Likewise, Polynesian Cultural Center executive chef Felix Tai of Oahu, Hawaii, said his first trip to the South was filled with pleasant surprises.

“I’ve heard about Southern hospitality, and it’s a real thing,” Tai said. “For me, food is love. In Hawaii, we call that feeling the ‘aloha spirit.’ It’s the exact same feeling here. I could tell from talking to the farmers that they care about what they do, and they love it.

“Really, I’m just a cook, but the love I put into dishes I prepare, and the joy of knowing that people like what I cook, is what makes my job special. I think it’s the same for farmers. Being able to walk through the fields with them, share a meal and get a real look into their lives was something I could never get from reading a book.
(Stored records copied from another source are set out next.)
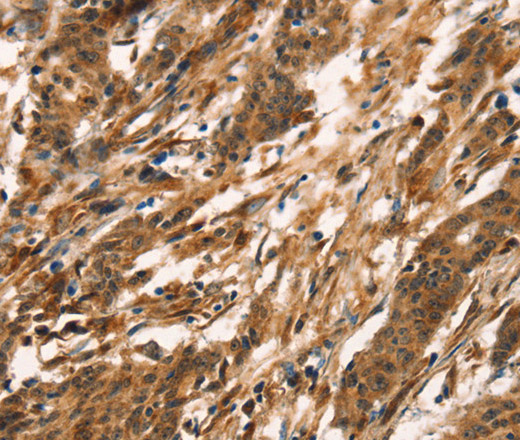 Immunohistochemistry of paraffin-embedded Human gastric cancer tissue using CD159a/c Polyclonal Antibody at dilution 1:30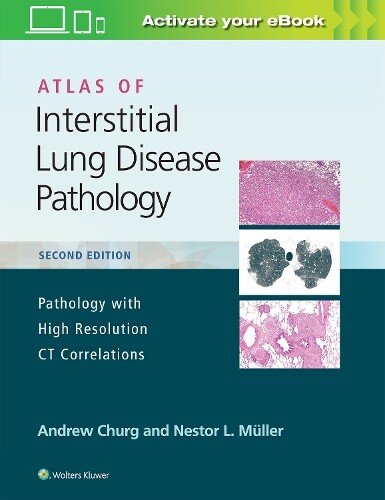 Thumbnail - Andrew Churg Nestor L. Atlas Of Interstitial Lung Disease Pa
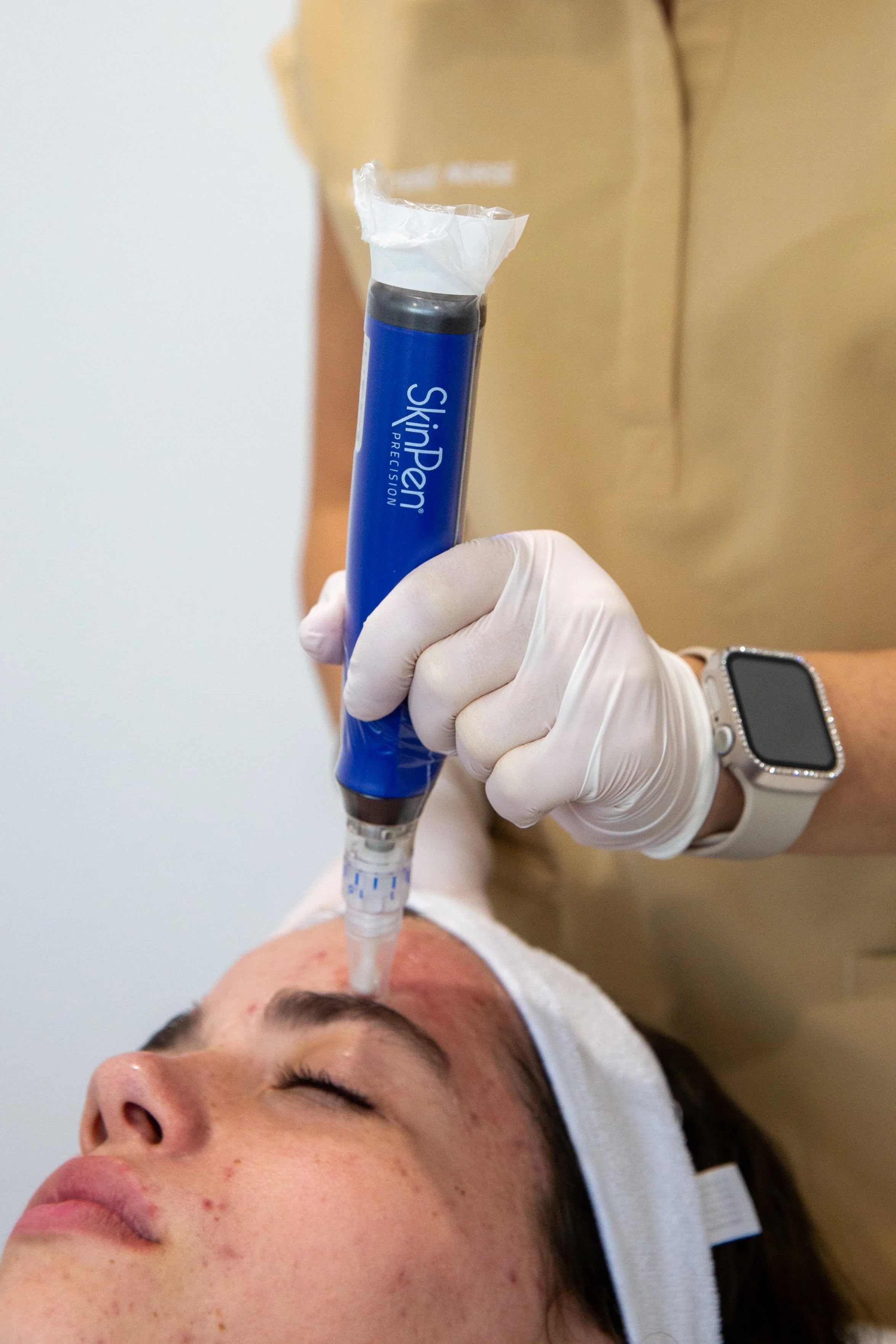 A person receiving a cosmetic facial treatment with a skin pen device, lying down with a white headband, while a technician wearing gloves and a smartwatch administers the procedure.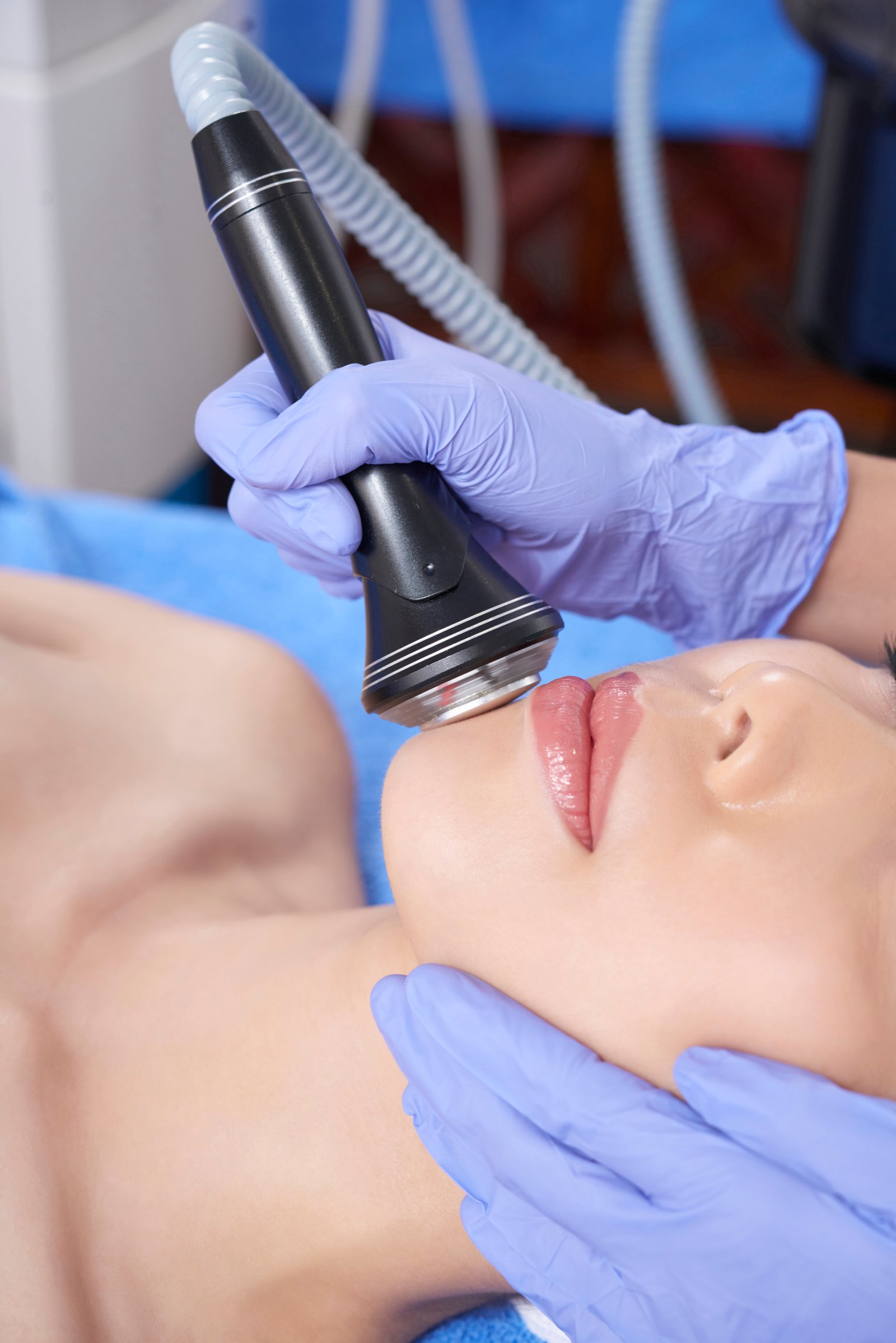 Specialist performing advanced fractional laser scar reduction at Hues Aesthetic Clinic Madurai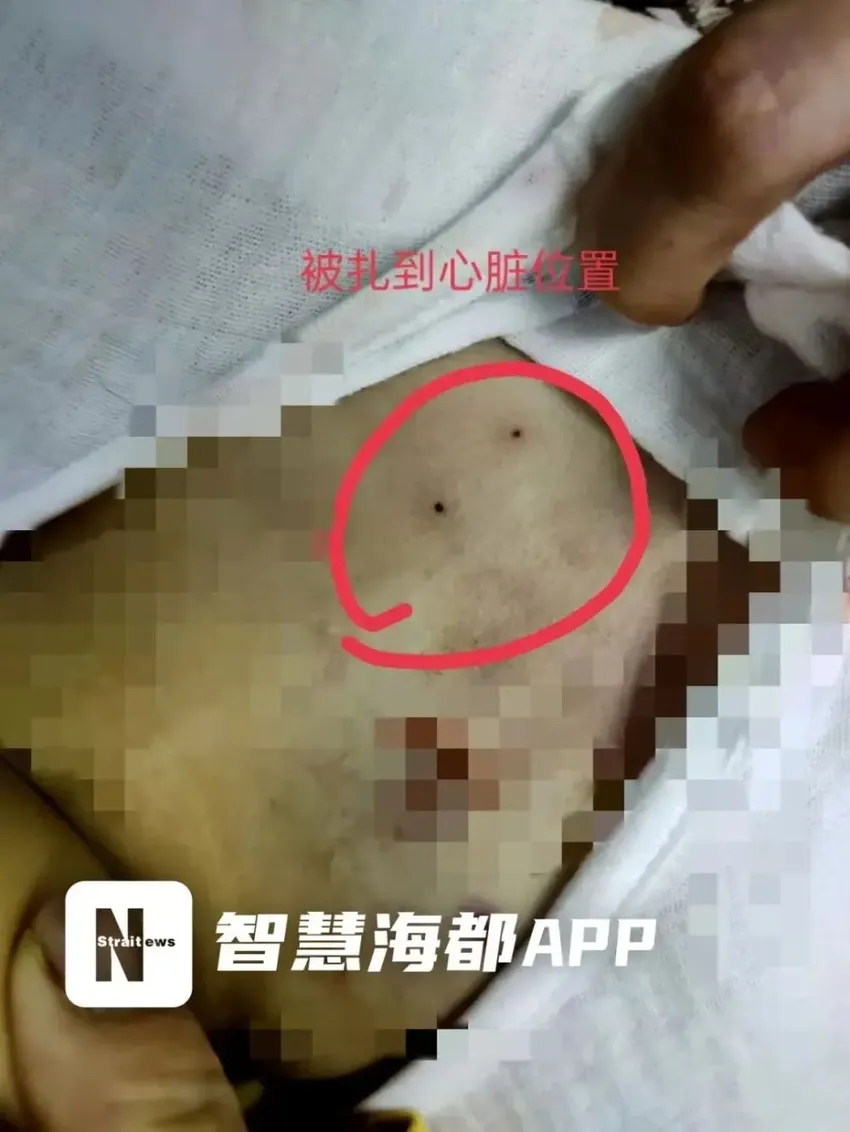 4岁女童命丧手术台，家属称规培生穿刺操作失当扎破心脏，致女儿殒命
It has to be experienced to really understand it.”

Adams said the sustainability of peanuts also piqued the interest of the group, who learned that nothing goes to waste once peanuts are harvested.

“We discussed how the best peanuts are used in candy and peanut butter, while lesser-grade peanuts are crushed for high-quality cooking oil,” Adams said. “The vines are rolled up for cattle feed, and even after the peanuts are shelled, the hulls are used for poultry house bedding.”

The massive equipment, monetary investment and enormous faith farmers have wasn’t lost on Kathleen Phillips of Gardendale, Alabama, who was among the tour participants. As a food blogger, professional food stylist and cookbook author, it was her first time to share a meal with a farmer.

“My heart broke for the farmers as I listened to one of them tell how devastating this year’s drought had been to his dryland crop,” said Phillips, whose blog, Grits and Gouda, specializes in shortcut recipes. “Farmers put countless hours into these crops for months, working night and day, only to have their profits shriveled in the heat of the sun.”

But Phillips said she’s also optimistic about the future of farming.

“We met a farmer who introduced us to his 17-year-old son who was operating the large machinery equipped with GPS-guided controls,” she said. “I was encouraged for the future of peanut farming to hear this young man planned to continue his family’s tradition of farming as his occupation.”

The tour’s goal was to immerse culinarians and food bloggers in the entire peanut industry from farm-to-table in authentic Southern style, said Kaye Lynn Hataway, the APPA’s project coordinator.

“We wanted participants to spend time with family farmers digging up peanuts and learning about farming practices, today’s technology and the sustainability of peanut crops,” she said. “This tour exceeded all our expectations! It ended up being about more than the peanut industry. The attendees discovered the heart of our peanut farmers and their love for their families, farming and feeding the world.”

Attendees were asked to create recipes using peanuts, blog or write articles about their experiences and share the tour on social media.

“We want them to not only eat more peanuts but promote peanuts and spread the word about peanuts with all the people they influence,” Hataway said.